Task statement:
Find every line below that contains the word "Hotel" and copy it out.

Data records:
_ _ _

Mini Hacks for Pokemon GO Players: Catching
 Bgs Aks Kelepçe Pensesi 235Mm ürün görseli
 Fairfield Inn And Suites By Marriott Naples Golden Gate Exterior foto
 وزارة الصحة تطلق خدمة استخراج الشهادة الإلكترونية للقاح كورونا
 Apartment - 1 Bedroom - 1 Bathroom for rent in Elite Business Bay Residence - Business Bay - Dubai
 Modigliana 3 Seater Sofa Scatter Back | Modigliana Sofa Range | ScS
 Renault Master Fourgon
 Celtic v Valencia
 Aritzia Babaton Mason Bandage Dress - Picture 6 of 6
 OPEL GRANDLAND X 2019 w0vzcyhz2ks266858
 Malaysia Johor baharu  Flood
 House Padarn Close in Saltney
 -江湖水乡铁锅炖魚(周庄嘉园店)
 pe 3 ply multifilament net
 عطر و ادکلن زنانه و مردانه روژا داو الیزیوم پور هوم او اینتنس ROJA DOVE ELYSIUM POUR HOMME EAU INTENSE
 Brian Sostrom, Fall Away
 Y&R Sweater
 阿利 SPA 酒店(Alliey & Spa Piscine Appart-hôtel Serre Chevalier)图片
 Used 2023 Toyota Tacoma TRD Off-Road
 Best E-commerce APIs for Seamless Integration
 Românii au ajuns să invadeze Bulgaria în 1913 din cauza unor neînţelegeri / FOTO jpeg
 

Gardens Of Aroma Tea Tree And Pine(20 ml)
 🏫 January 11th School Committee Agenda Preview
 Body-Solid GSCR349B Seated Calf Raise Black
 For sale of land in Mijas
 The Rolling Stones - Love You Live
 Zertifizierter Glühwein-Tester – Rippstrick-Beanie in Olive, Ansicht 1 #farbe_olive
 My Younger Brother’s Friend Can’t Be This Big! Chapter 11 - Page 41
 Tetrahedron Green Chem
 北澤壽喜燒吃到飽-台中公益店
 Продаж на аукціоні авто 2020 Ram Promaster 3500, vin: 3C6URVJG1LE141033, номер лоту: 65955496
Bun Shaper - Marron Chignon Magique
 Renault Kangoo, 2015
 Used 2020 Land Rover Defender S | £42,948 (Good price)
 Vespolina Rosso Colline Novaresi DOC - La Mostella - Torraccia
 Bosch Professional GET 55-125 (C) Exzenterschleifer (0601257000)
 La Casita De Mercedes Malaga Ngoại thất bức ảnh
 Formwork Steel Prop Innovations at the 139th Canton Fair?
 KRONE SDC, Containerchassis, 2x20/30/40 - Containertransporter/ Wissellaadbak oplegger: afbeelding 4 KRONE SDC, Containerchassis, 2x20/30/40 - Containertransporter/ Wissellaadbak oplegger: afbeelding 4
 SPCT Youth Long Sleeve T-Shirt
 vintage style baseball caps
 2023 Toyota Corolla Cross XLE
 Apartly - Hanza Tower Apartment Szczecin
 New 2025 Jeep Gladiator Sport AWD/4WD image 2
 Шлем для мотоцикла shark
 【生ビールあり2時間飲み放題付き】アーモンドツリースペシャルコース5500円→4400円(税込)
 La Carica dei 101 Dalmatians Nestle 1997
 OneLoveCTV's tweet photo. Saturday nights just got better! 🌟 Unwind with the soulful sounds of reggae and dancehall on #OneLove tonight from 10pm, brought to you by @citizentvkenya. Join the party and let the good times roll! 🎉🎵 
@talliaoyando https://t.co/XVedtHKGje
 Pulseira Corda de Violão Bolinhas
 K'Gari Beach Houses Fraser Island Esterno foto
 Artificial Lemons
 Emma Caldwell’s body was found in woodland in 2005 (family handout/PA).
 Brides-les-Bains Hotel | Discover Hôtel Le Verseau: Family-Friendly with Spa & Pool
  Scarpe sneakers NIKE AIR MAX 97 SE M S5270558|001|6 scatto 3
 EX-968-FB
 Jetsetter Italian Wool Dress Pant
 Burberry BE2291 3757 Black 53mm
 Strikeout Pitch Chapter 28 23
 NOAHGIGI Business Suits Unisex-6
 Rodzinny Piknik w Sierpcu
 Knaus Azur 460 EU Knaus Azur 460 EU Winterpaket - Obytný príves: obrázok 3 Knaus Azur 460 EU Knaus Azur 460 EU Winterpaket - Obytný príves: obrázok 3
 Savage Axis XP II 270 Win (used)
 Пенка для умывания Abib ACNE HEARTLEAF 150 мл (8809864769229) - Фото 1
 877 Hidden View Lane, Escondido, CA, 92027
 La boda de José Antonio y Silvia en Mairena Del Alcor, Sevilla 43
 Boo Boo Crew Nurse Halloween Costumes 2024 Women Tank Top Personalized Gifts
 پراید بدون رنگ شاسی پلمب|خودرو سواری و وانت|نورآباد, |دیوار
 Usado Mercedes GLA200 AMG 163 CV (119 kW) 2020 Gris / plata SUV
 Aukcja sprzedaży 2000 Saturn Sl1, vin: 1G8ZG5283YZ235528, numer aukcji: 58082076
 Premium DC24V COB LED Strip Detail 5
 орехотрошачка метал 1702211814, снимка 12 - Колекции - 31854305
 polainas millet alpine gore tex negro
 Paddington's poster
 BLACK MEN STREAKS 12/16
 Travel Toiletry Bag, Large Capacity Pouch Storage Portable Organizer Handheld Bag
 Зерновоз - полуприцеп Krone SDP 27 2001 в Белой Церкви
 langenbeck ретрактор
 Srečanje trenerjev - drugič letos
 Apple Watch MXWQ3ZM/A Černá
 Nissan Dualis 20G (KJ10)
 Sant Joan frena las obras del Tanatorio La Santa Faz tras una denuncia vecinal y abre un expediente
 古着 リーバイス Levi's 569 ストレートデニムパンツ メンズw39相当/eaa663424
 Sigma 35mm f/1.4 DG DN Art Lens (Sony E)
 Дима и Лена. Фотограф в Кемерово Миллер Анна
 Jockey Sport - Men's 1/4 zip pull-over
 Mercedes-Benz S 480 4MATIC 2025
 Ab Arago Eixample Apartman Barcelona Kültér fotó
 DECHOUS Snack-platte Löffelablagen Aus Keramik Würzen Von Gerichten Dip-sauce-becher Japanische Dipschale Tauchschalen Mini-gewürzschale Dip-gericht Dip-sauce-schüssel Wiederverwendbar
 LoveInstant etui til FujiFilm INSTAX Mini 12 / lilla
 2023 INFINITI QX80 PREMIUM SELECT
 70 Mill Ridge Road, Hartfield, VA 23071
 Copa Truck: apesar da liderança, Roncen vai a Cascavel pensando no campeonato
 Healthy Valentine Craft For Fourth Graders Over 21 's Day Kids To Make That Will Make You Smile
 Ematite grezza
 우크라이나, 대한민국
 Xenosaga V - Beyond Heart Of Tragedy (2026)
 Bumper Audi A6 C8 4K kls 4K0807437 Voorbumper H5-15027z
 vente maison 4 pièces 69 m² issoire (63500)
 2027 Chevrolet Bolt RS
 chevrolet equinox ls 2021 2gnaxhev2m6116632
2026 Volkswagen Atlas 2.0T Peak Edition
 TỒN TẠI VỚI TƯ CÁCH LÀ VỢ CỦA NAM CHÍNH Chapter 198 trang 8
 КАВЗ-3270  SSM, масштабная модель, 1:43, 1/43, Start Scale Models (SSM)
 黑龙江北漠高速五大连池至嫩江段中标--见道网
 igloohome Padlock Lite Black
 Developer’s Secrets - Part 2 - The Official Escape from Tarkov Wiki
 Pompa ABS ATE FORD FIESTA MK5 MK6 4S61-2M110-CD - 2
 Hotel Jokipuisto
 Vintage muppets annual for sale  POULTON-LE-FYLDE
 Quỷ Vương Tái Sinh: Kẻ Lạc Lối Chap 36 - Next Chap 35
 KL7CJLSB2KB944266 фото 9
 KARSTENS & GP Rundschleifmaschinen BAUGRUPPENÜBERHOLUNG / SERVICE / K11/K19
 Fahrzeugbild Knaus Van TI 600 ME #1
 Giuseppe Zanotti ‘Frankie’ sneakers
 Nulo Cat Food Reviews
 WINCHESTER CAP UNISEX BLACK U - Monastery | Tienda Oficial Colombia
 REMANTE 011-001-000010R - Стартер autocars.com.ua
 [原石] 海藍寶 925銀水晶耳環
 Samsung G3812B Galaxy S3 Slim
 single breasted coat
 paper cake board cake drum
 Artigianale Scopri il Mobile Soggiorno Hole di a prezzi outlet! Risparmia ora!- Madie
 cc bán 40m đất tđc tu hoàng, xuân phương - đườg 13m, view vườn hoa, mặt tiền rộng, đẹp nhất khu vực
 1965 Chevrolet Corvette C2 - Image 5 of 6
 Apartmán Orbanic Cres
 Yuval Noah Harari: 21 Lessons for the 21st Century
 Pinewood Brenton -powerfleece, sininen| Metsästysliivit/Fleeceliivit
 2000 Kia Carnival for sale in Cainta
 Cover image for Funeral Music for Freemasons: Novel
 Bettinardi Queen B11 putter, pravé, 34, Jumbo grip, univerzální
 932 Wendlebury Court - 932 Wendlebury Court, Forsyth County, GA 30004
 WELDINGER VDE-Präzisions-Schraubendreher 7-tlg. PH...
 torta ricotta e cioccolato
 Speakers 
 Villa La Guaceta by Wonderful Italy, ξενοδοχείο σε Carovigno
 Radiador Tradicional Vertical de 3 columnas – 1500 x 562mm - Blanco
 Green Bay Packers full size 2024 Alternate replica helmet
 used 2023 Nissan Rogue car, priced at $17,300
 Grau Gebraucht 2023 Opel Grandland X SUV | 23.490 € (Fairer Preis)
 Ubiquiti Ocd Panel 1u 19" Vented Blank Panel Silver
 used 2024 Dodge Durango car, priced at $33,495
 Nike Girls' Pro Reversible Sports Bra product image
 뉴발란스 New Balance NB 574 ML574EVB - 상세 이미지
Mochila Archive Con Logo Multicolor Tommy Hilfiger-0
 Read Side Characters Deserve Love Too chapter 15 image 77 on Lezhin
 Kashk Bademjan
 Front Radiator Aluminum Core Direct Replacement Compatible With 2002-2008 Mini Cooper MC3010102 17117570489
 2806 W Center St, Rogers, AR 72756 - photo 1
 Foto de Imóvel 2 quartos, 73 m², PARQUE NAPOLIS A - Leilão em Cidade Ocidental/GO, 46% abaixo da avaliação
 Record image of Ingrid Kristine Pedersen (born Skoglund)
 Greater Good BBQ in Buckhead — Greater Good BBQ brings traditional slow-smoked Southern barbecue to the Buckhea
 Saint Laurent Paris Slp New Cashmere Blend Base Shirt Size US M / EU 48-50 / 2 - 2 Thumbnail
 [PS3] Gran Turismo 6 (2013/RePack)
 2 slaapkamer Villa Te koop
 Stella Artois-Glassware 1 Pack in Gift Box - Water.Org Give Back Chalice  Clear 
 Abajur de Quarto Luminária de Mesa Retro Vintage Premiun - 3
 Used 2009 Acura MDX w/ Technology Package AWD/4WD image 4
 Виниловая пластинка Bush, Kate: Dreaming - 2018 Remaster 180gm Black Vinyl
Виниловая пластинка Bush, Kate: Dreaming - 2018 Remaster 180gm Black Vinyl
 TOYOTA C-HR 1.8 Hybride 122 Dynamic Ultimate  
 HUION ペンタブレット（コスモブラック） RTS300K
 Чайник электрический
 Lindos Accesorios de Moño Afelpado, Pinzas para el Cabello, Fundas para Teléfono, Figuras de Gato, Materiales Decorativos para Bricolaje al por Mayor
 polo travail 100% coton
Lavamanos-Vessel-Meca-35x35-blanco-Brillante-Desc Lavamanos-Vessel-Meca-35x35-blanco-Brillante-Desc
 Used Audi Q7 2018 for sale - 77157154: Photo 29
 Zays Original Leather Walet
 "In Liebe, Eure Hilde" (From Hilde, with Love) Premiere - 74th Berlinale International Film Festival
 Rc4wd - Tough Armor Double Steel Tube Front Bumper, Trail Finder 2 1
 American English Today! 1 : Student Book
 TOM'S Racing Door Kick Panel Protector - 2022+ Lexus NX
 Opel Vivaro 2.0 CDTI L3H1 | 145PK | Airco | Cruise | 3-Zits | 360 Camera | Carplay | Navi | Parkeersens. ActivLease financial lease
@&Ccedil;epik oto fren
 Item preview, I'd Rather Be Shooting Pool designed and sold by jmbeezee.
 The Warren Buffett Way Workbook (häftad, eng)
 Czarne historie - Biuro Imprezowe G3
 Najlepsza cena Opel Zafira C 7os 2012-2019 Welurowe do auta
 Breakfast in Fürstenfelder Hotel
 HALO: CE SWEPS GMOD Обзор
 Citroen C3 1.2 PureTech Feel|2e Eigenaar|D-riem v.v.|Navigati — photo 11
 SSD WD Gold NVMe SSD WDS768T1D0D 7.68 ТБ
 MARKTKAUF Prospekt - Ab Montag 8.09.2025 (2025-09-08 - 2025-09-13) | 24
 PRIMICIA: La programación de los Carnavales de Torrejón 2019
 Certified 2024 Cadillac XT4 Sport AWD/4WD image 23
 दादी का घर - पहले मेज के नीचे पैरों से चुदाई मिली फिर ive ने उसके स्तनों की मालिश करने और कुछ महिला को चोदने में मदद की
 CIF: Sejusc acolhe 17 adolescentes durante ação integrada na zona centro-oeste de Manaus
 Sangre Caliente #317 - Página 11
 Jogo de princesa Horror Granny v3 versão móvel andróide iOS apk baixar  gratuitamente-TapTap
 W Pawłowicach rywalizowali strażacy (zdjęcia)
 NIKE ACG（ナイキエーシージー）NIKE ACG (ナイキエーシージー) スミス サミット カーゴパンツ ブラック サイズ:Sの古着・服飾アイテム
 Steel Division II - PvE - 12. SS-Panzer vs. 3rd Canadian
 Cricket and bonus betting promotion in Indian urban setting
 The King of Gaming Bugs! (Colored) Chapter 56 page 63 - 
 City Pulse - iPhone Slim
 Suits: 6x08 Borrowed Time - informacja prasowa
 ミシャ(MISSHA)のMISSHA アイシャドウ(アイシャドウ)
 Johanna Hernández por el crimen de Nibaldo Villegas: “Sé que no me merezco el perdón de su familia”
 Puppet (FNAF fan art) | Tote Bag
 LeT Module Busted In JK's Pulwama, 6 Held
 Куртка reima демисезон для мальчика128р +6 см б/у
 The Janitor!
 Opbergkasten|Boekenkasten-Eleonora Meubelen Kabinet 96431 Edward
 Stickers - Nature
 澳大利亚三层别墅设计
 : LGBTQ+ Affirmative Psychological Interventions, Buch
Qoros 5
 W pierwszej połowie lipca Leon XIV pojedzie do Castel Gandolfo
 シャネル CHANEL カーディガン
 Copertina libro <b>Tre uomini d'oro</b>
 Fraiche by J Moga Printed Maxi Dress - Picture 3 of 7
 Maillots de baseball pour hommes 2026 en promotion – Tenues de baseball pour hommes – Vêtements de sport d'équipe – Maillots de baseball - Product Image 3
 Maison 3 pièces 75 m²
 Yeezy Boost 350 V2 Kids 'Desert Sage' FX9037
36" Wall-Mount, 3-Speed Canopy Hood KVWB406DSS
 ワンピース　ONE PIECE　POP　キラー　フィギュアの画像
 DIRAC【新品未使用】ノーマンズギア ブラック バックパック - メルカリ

_ _ _

Response to the task:
 Brides-les-Bains Hotel | Discover Hôtel Le Verseau: Family-Friendly with Spa & Pool
 Hotel Jokipuisto
 Breakfast in Fürstenfelder Hotel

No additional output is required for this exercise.